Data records
Content starts

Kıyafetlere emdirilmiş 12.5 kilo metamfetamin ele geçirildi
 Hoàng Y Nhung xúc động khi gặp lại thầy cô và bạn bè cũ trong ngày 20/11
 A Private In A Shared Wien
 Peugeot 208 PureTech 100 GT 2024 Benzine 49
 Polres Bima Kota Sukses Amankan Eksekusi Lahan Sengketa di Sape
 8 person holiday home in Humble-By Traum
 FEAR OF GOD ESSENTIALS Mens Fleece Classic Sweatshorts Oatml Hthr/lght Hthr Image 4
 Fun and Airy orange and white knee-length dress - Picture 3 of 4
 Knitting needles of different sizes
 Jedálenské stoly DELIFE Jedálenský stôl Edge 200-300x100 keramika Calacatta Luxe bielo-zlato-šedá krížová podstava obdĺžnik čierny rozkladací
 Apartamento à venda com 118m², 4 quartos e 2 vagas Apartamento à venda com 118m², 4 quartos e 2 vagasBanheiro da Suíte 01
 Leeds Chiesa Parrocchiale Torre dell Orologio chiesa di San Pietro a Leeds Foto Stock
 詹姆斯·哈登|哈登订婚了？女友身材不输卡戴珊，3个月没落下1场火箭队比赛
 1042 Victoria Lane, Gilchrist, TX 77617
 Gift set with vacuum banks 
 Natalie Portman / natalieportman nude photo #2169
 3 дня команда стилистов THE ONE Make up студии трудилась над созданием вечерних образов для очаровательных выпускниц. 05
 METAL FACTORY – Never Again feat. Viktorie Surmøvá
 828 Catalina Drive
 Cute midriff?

Content ends

#### What is expected:
Copy the lines above exactly, beginning at the line that has "A Private In A Shared Wien" and stopping after the line that has "詹姆斯·哈登|哈登订婚了？女友身材不输卡戴珊，3个月没落下1场火箭队比赛", and omit the rest.

#### Response:
 A Private In A Shared Wien
 Peugeot 208 PureTech 100 GT 2024 Benzine 49
 Polres Bima Kota Sukses Amankan Eksekusi Lahan Sengketa di Sape
 8 person holiday home in Humble-By Traum
 FEAR OF GOD ESSENTIALS Mens Fleece Classic Sweatshorts Oatml Hthr/lght Hthr Image 4
 Fun and Airy orange and white knee-length dress - Picture 3 of 4
 Knitting needles of different sizes
 Jedálenské stoly DELIFE Jedálenský stôl Edge 200-300x100 keramika Calacatta Luxe bielo-zlato-šedá krížová podstava obdĺžnik čierny rozkladací
 Apartamento à venda com 118m², 4 quartos e 2 vagas Apartamento à venda com 118m², 4 quartos e 2 vagasBanheiro da Suíte 01
 Leeds Chiesa Parrocchiale Torre dell Orologio chiesa di San Pietro a Leeds Foto Stock
 詹姆斯·哈登|哈登订婚了？女友身材不输卡戴珊，3个月没落下1场火箭队比赛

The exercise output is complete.